Back to School: How do parents really feel?
YOUR social media feed was no doubt flooded last week with a bunch of cute kids in oversized backpacks.
But behind every #obligatoryschoolphoto (note to parents: no one is forcing you to post these shots) is an adult dealing with the uncertainty of another school year.
Will our kid like her teacher? Will she find someone like minded to talk to? Will she remember how to read and write after roughly 39 days of swimming, glazing pottery and watching unboxing videos? Why is she growing up so quickly? Why am I growing up so quickly? Why did she recoil when we tried to kiss her goodbye this time? Does she hate us now? Is there such a thing as early onset puberty? Should I worry about whatever NAPLAN is?
These are the questions that came down on me like an avalanche as Victorian schools reopened for business last week. I'm sure I'm not alone.

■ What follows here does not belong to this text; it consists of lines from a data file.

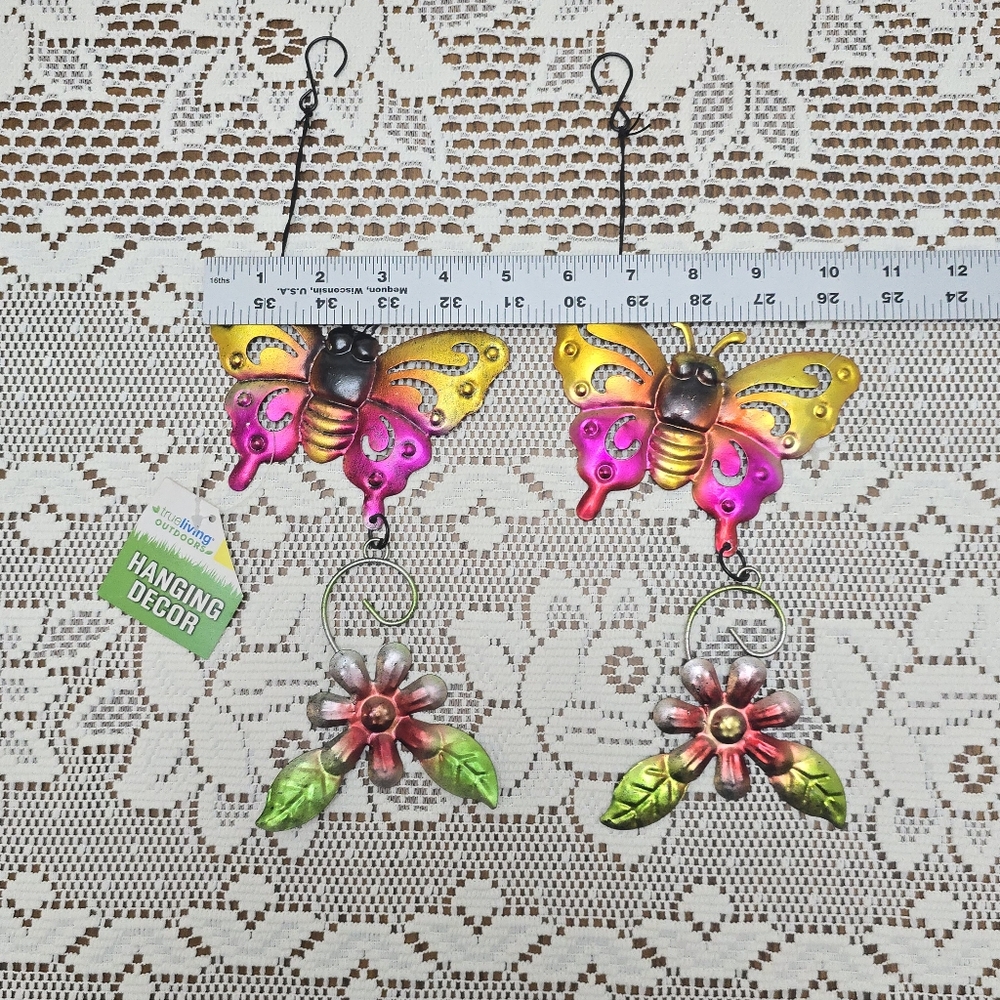 2pc Set New Butterfly Rustic Metal Hanging Garden Patio Decor Yellow Pink Red - Picture 4 of 8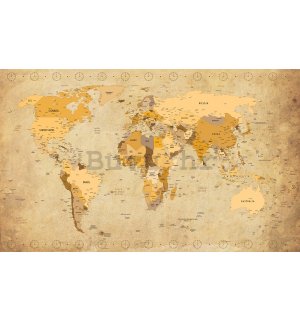 Foto tapeta Vlies: Karta svijeta (Vintage) - 184x254 cm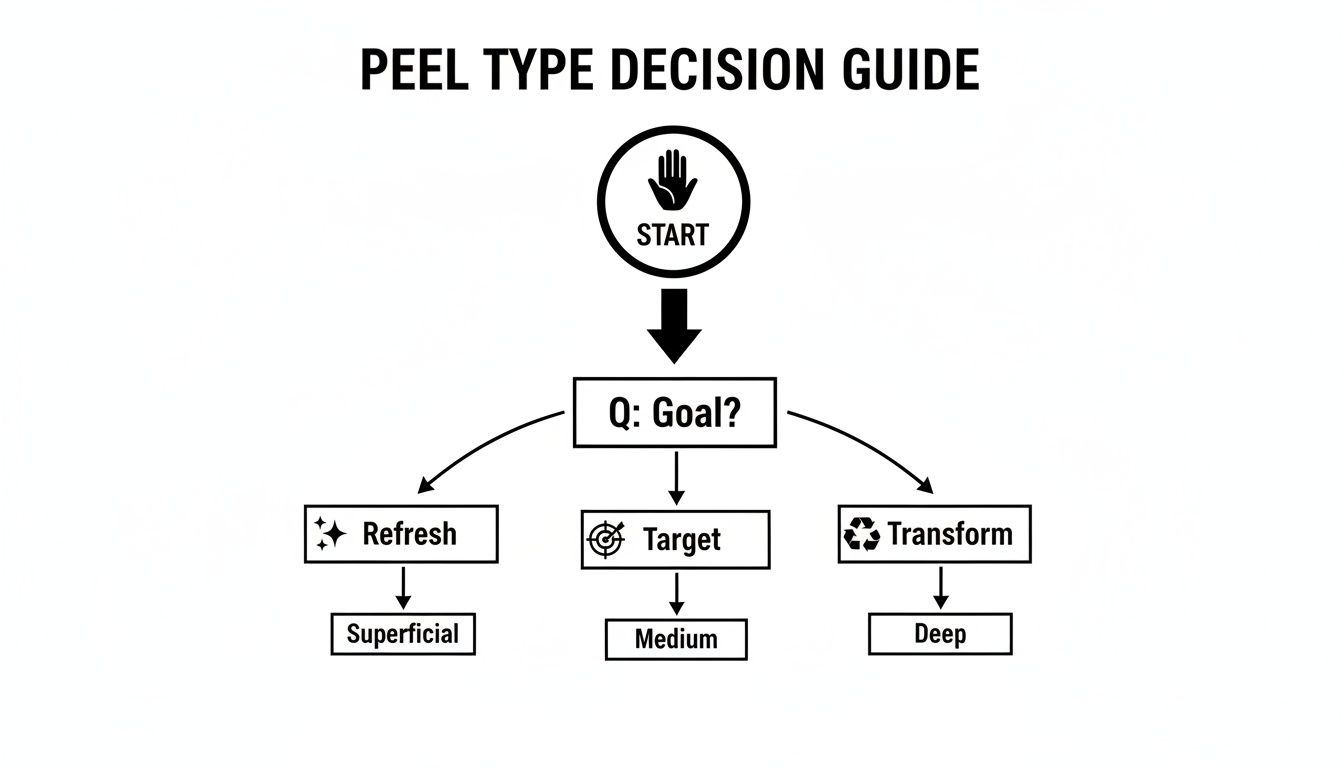 Flowchart decision guide for peel types based on goals: Refresh (Superficial), Target (Medium), Transform (Deep).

It's been approximately 936 hours or about three-million lost brain cells between classes, but nothing prepares you for that emotional jolt when you see your kid back in uniform and realise they'll be this age only once.
It's easy to lose sight of this fact when you're caught up in the rigmarole of, you know, keeping them alive. So if nothing else, the start of a new school year is a marker that your little babies are growing up.
You have to really psych yourself up for that back-to-school moment, however, so the decision by some primary schools to start the year with a two-day week felt like ripping off a bandaid only to put it straight back on.
Not to be outdone, our twin daughters' kindergarten said, "Hold my beer", and started 2019 with a shortened day on Friday. Friday! (They didn't really say "hold my beer" FYI. That would be wildly inappropriate. I'm just repurposing a popular meme for comedic effect.)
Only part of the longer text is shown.